Anlass war, dass die katholische Kirche nach den Missbrauchsvorwürfen die Prävention in allen kirchlichen Bereichen stärken will. Das heißt: Alle Einrichtungen der katholischen Kirche in der Diözese Augsburg sind dazu verpflichtet, zur Prävention sexualisierter Gewalt ein Institutionelles Schutzkonzept (ISK) zu entwickeln "Wir sind nun stärker in die Pflicht genommen", sagte Caritasdirektor Dr. Andreas Magg. Damit wolle die Kirche zeigen, dass sie dem hohen moralischen Anspruch, der an sie gestellt werde, auch gerecht werde. "Vor allem dort, wo Menschen uns anvertraut werden."

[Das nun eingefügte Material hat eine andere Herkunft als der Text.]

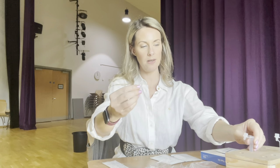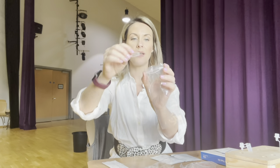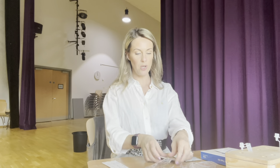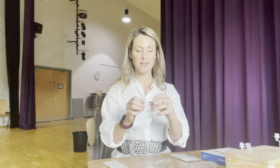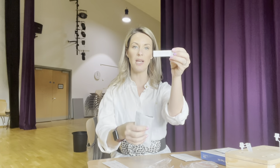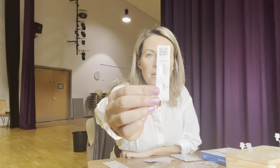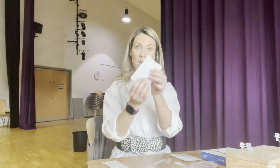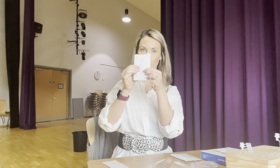Once everything's in, you're going to dispose of the sachet in the plastic bag. The next thing I'm going to do is take the test out of the sachet and place it to one side — this is what the test looks like — and dispose of the bag in a bin.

Bei dieser Auftaktveranstaltung stellte Francesca Carapezza von der Projektstelle Sexualisierte Gewalt, die der Diözesancaritasverband vor einigen Monaten geschaffen hatte, vor, welche Schritte dazu in den Einrichtungen gegangen werden können. Voraussetzung sei zunächst, "eine Kultur des Hinschauens" zu pflegen, sensibel darauf zu achten, "wo der Kern der Seele" der anvertrauten Menschen verletzt werden könnte. Sexualisierte Gewalt beginne schon dort, wo eine sexistische Sprache verwendet oder entsprechende Witze gemacht werden, und wo die Privat- oder Intimsphäre eines Anvertrauten verletzt werden, etwa durch mehr Berührungen als notwendig. Oft entwickle sich ein Mangel an Sensibilität durch Überforderung. "Grenzverletzungen dürfen nicht bagatellisiert werden", so Francesca Carapezza. Vor allem dort, wo es um massive Grenzverletzungen gehe, gehöre es zur Strategie der Täter, systematisch nach verschwiegenen und wehrlosen Opfern zu suchen und sie zur Geheimhaltung zu verpflichten. Solche Täter seien nicht selten "über die Maßen engagiert und hilfsbereit". Die Betroffenen selbst seien oft nicht in der Lage, sich mitzuteilen, wegen einer Behinderung, aus Scham und auch aus Angst vor negativen Folgen, weil sie ja auf die Pflege angewiesen seien. Die Mitarbeiter einer Einrichtung sollten deshalb für mögliche Signale der Betreuten, etwa eine plötzliche Verhaltensänderung, sensibilisiert werden.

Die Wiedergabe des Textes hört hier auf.